What I thought was, ‘Damned purring pussy-cat!’ What I said was, ‘Where is this corpse?’

‘In the Morgue – have you read the morning papers? No? Ah, – as you very rightly observe you are too busy to read the morning papers. Young men must learn industry first, of course, of course. What you are to do is this: the San Francisco police have sent out an alarm regarding the disappearance of a Miss Tufft – the millionaire’s daughter, you know. Today a body was brought to the Morgue here in New York, and it has been identified as the missing young lady – by a diamond ring. Now I am convinced that it isn’t, and I’ll show you why, Mr Hilton.’

He picked up a pen and made a sketch of a ring on a margin of that morning’s Tribune .

‘That is the description of her ring as sent on from San Francisco. You notice the diamond is set in the centre of the ring where the two gold serpents’ tails cross!

‘Now the ring on the finger of the woman in the Morgue is like this,’ and he rapidly sketched another ring where the diamond rested in the fangs of the two gold serpents.

‘That is the difference,’ he said in his pleasant, even voice.

‘Rings like that are not uncommon,’ said I, remembering that I had seen such a ring on the finger of the white-faced girl in the Park the evening before. Then a sudden thought took shape – perhaps that was the girl whose body lay in the Morgue!

‘Well,’ said Jamison, looking up at me, ‘what are you thinking about?’

‘Nothing,’ I answered, but the whole scene was before my eyes, the vultures brooding among the rocks, the shabby black dress, and the pallid face – and the ring, glittering on that slim white hand!
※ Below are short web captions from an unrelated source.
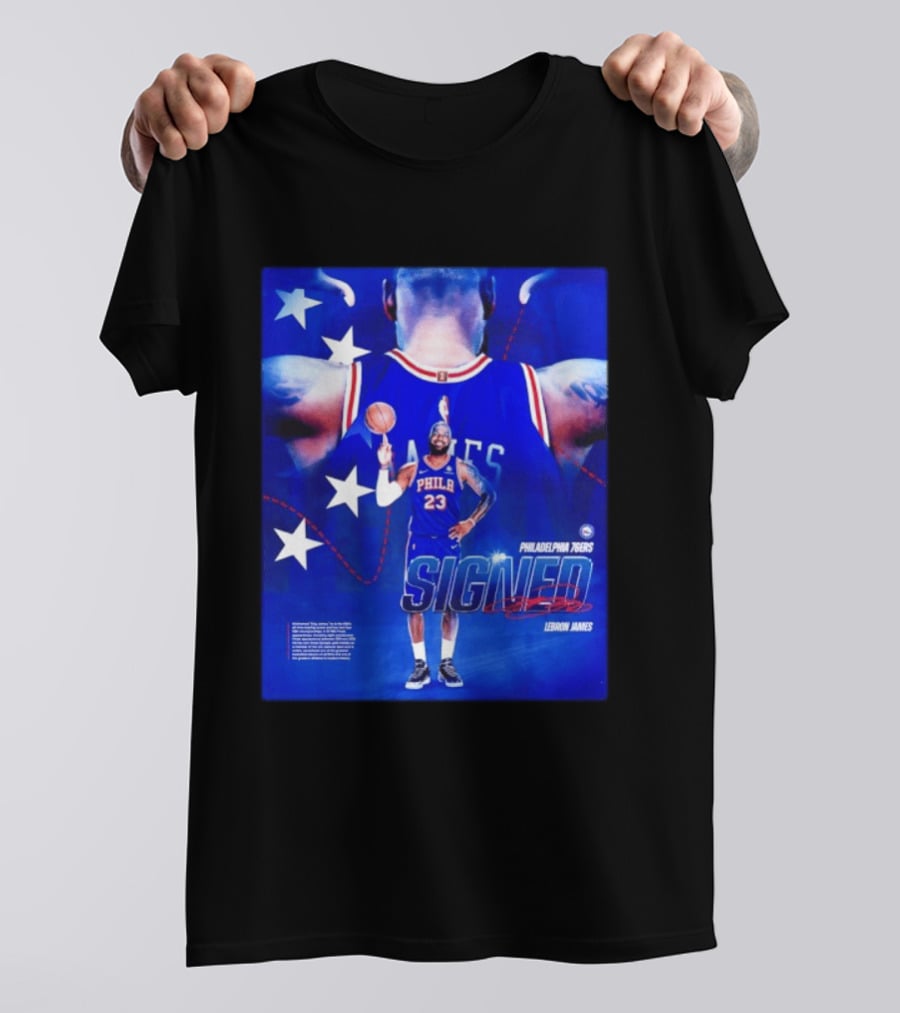 Philadelphia 76ers LeBron James Signed NBA 23 Stars T-Shirt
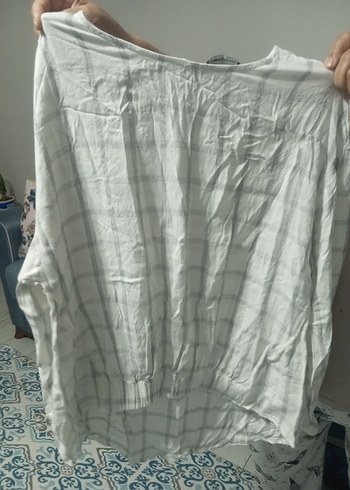 Gri Çizgili Uzun Kollu Keten Kadın Gömlek - Görsel 3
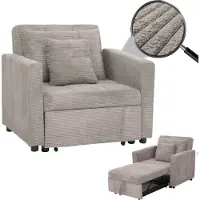Mendler -L90 fauteuil bed, opklapbare fauteuil logeerbed, ligvlak 200x100cm stof/textiel koord ~ lichtgrijs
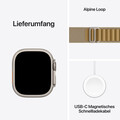 Apple Watch Ultra 2 GPS + Cellular, 49 mm Titangehäuse Natur, Alpine Loop Mandel – Medium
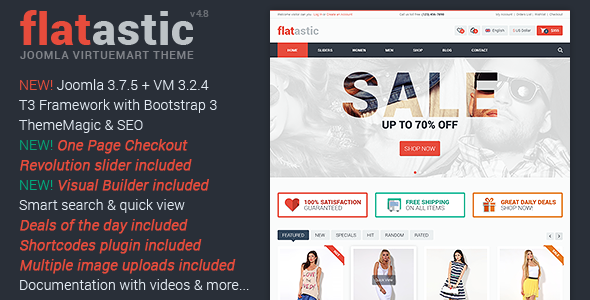 Flatastic Responsive Multipurpose VirtueMart Theme - VirtueMart Joomla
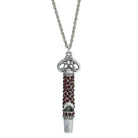 1928 Jewelry Pewter Crystal Pave Decorated Whistle Necklace 30"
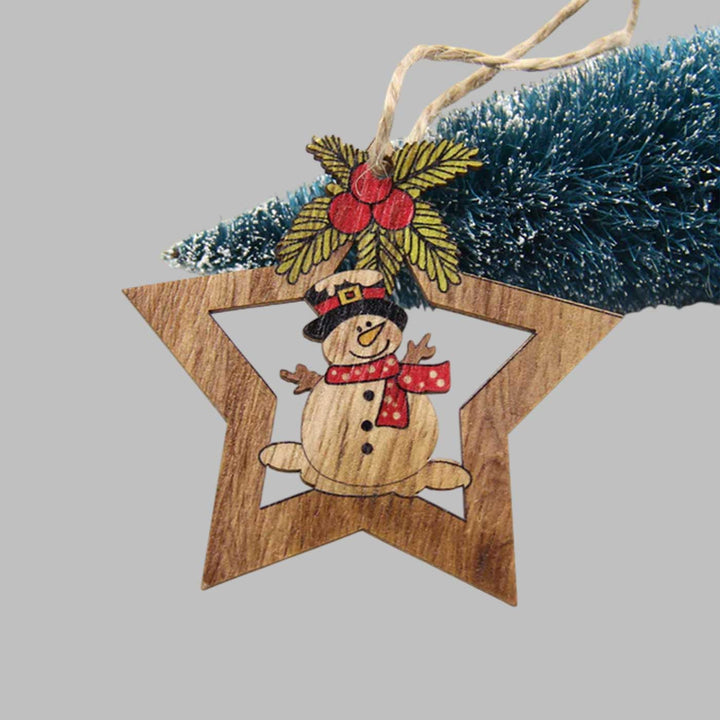 Handmade Timber Twinkle Star Wooden Ornaments For Christmas Tree Decoration | Set Of 4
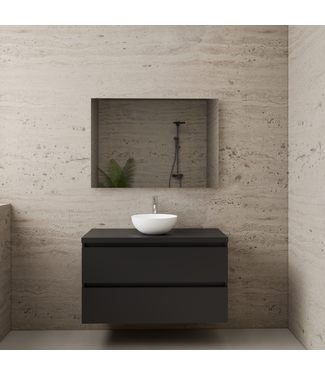 GLISS DESIGN Badkamermeubel Gliss Project 100cm⎢Mat Zwart⎢Onderkast met topblad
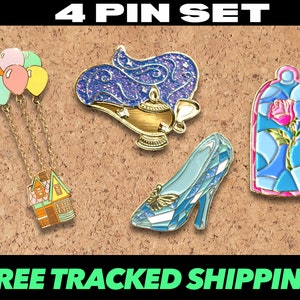 ENCHANTED ENAMEL PINS discounted : up house chain beauty beast rose magic gold fantasy image 1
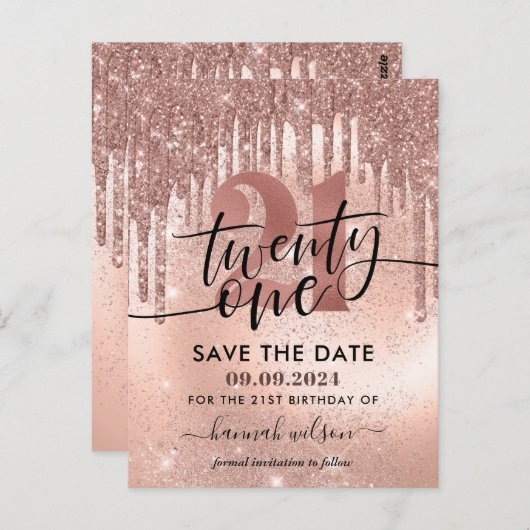 Carte de sauvegarde Rose Gold pour fête d'annivers (Devant / Derrière)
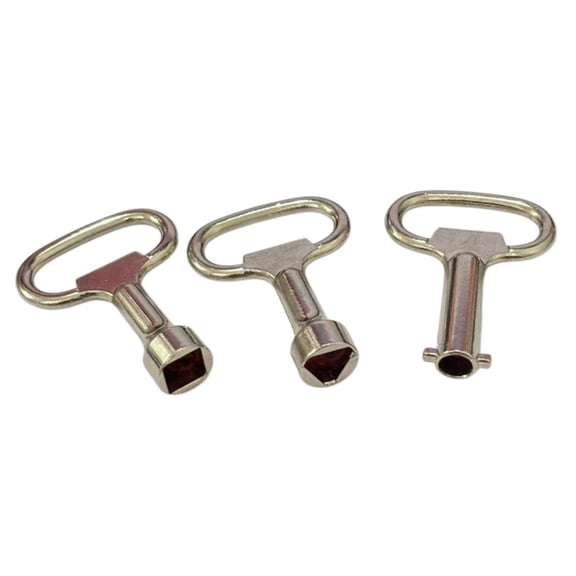 Maintenance Access Tool Set, 3 Utility Meter Wrenches with Triangle Square and Lug Heads for Cabinet Openings, Portable Upkeep Carry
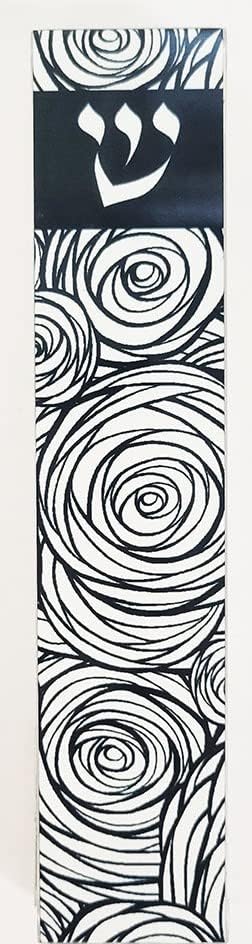 R&L Aluminum and Lucite Mezuzah with Rose Motif 5.5"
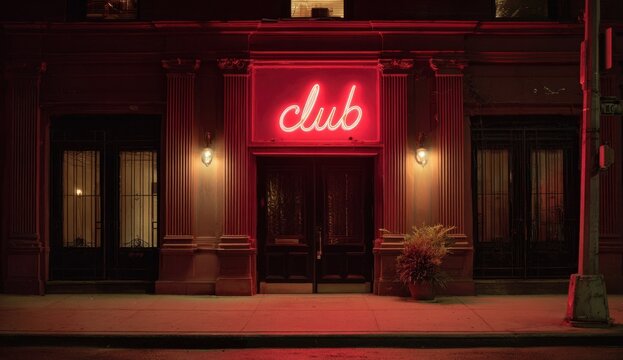 Large red neon sign with cursive lettering illuminating the front of an elegant building at night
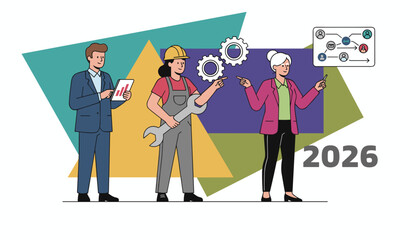 Diverse team planning strategy for 2026 combining industry finance and system management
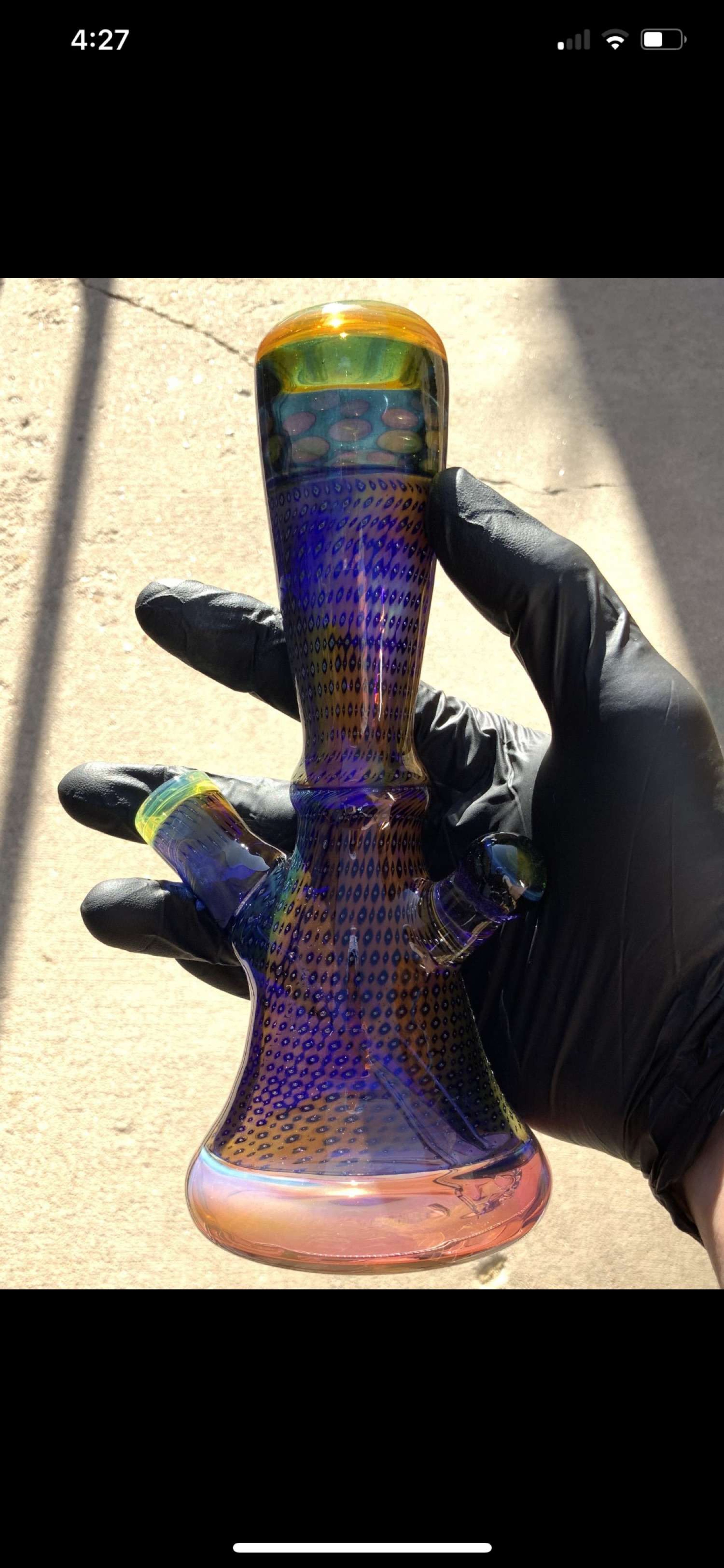 Sandspirit Glass (JW) Orange Polka Dot Snakeskin Tube image 0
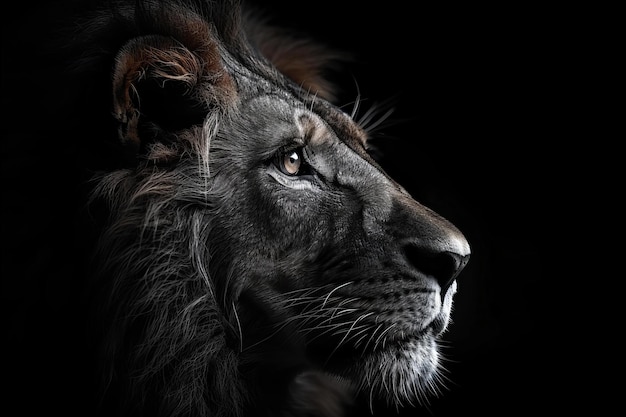 Black and white lion in the dark award winning studio photography professional color grading soft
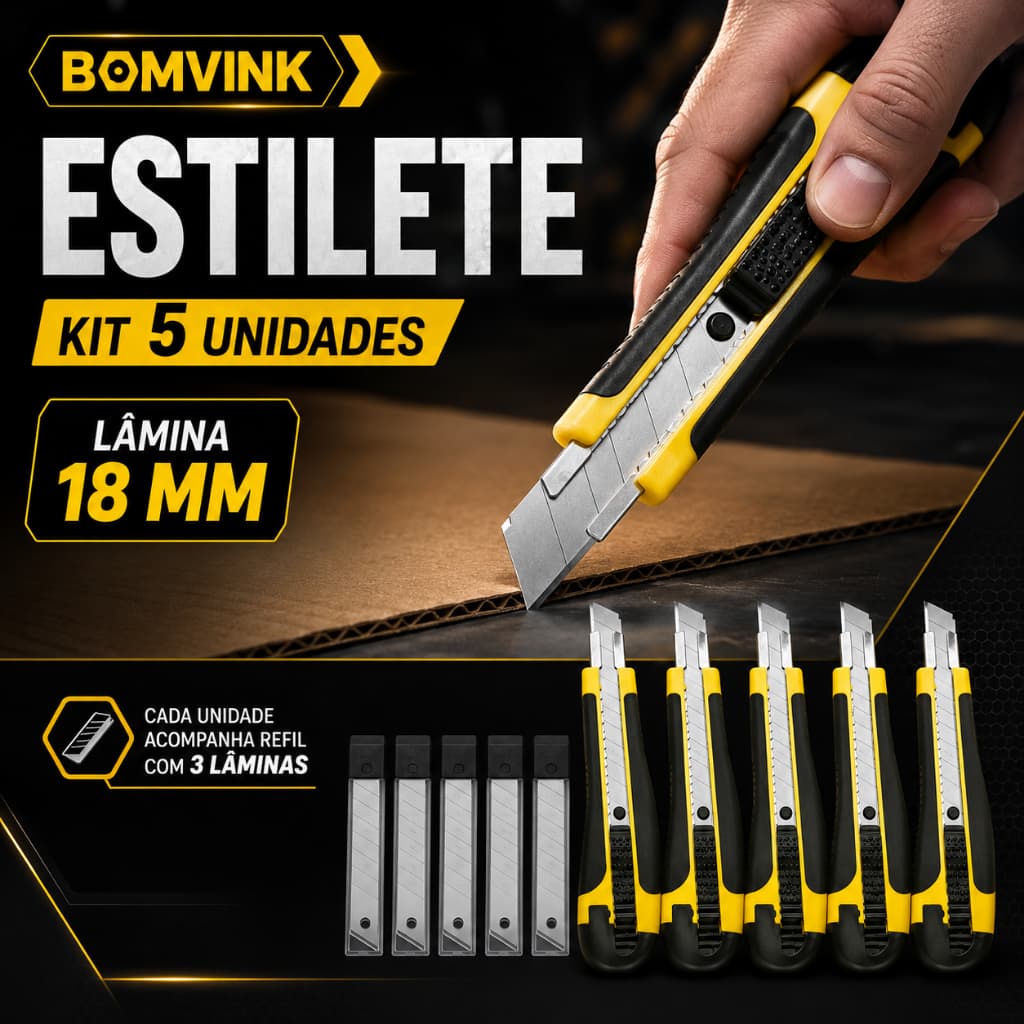 Kit até 05 Estilete + Refil de Lâminas Profissional Emborrachado Atacado Lâmina Extra Qualidade Premium Of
‘Nothing,’ I repeated, ‘when shall I go, Mr Jamison? Do you want a portrait – or what?’

‘Portrait – careful drawing of the ring, and, er, a centre piece of the Morgue at night. Might as well give people the horrors while we’re about it.’

‘But,’ said I, ‘the policy of this paper—’

‘Never mind, Mr Hilton,’ purred Jamison, ‘I am able to direct the policy of this paper.’